Soros favored gold, may have sold Petrobras in Q2

Billionaire investor George Soros in the second quarter stuck with his big bet on gold but may have sold his holdings in Petroleo Brasileiro SA .

In a quarterly securities filing Monday, Soros Fund Management reported owning substantially fewer U.S. listed stocks than three months earlier. The fund listed $5.1 billion of equities as of June 30, down 42 percent from $8.8 billion at the end of March.

The fund firm said it owned 5.24 million shares of the SPDR Gold Trust worth $638 million as of June 30. Though down slightly from the fund's 5.59 million shares owned at the end of the first quarter, that was the fund's biggest holding by dollar value.

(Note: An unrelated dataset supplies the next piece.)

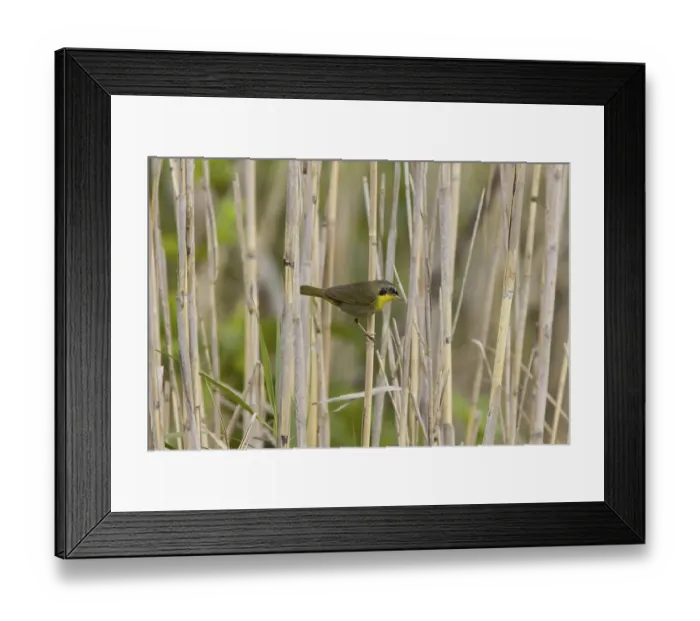 Framed Print : Common Yellowthroat (Geothlypis trichas)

With the sale of so many other holdings, the Gold ETF constituted almost 13 percent of the firm's total equities, up from 7 percent at the end of the first quarter.

There was no sign in the filing of Soros's largest holding from the first quarter, Brazilian oil giant Petrobras. The fund owned almost 15 million shares as of March 31.

Other first quarter top holdings including energy producers Hess Corp and Suncor Energy and telecommunications giant Verizon Communications were slashed. At the end of the second quarter he had $1.5 million worth of Hess, down from $302.5 million, $13.6 million of Suncor, down from $285.3 million and $395,000 worth of Verizon, down from $175.1 million.

Soros does not typically explain his quarter-to-quarter moves. A spokesman for the firm declined to comment.

Money managers can leave stocks out of their quarterly reports or seek confidential treatment if they are actively trading in the shares.

The disappearance of Petrobras from the Soros filing comes as the state-owned oil producer has wrestled with a huge capital raising plan that also includes buying rights to billions of barrels of offshore oil from the government. In June, the company delayed the planned share sale and oil swap from July until September.

Money managers like Soros are required to file form 13-F within 45 days after the end of each quarter. The forms include only U.S.-listed equity securities and related derivatives. Bonds, other securities and short positions are typically not disclosed.